In order to provide access to them, this section of this site lists a small number of historical technical objects held in association with Collection Calculant, but at first glance distant from its theme: They are:

It may seem a bit of a stretch, but if there is a connection between these two devices and the rest of collection calculant it is that they represent two sign posts to the context of extraordinary technical advances that were being forged over the late Modern period. In particular they are artifacts which form part of the tapestry of massive changes that took place in the few decades lying within a short period, (roughly, say) from the commencement of the American Civil War (1861) to the First World War (1939)

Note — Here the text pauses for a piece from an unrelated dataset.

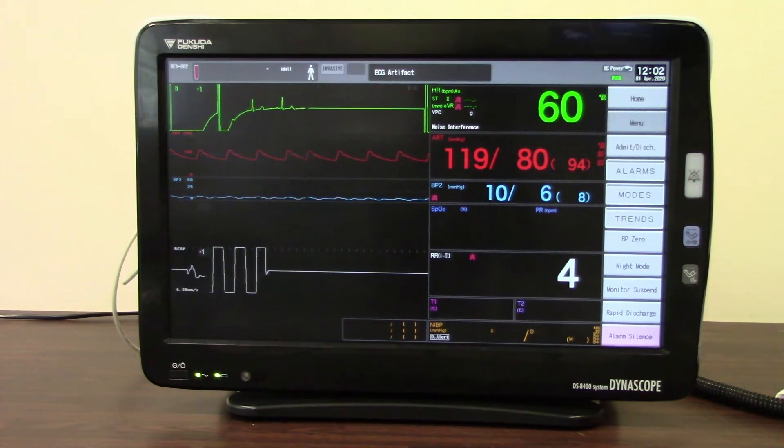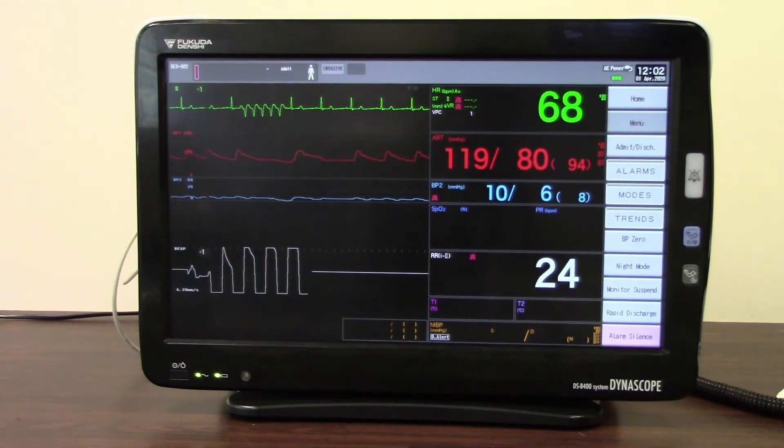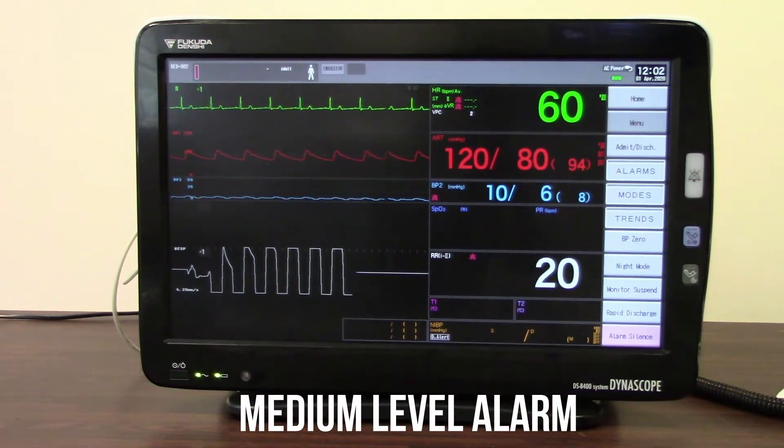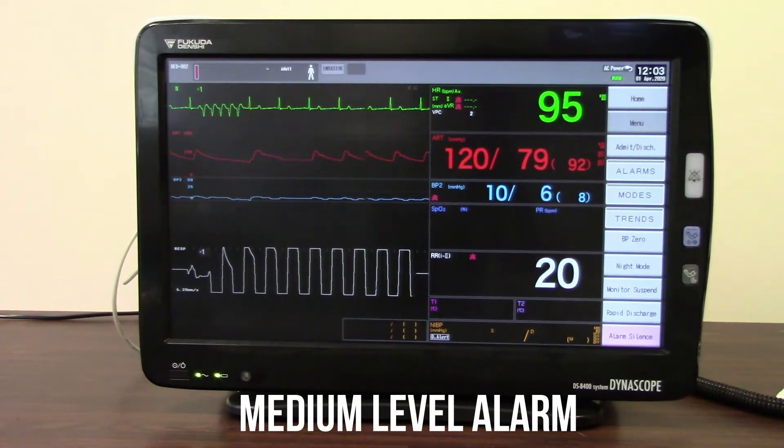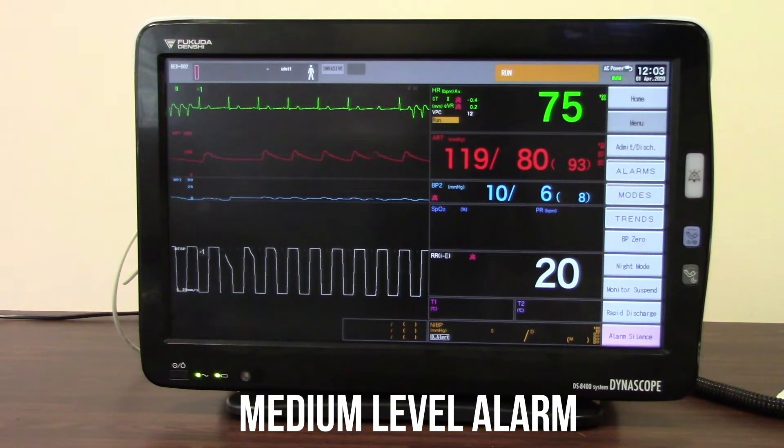The next alarm we're going to listen to is a medium sounding alarm. You'll see yellow flashing lights on the top of the monitor, and you will also hear a different type of alarm tone for the medium level alarm. So it allows you to differentiate between the different types of alarms. Here is our RUN alarm — it tells you there's a run at the top and it flashes in yellow.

It was during this short period when, as part of a broader transformation, hand powered mechanical devices would meet their nemesis through the application of electricity. The dramatically reshaped capabilities this would provide would contribute significantly to the rapid transformation of the social, political and economic landscape. As another strand of this, calculators would move forward from comparitively clumsy devices - initially items of curiosity, possessed by some gentleman as a sign of their intellectual curiosity, to increasingly streamlined instruments able to be applied effectively in industrial, commercial and even domestic settings.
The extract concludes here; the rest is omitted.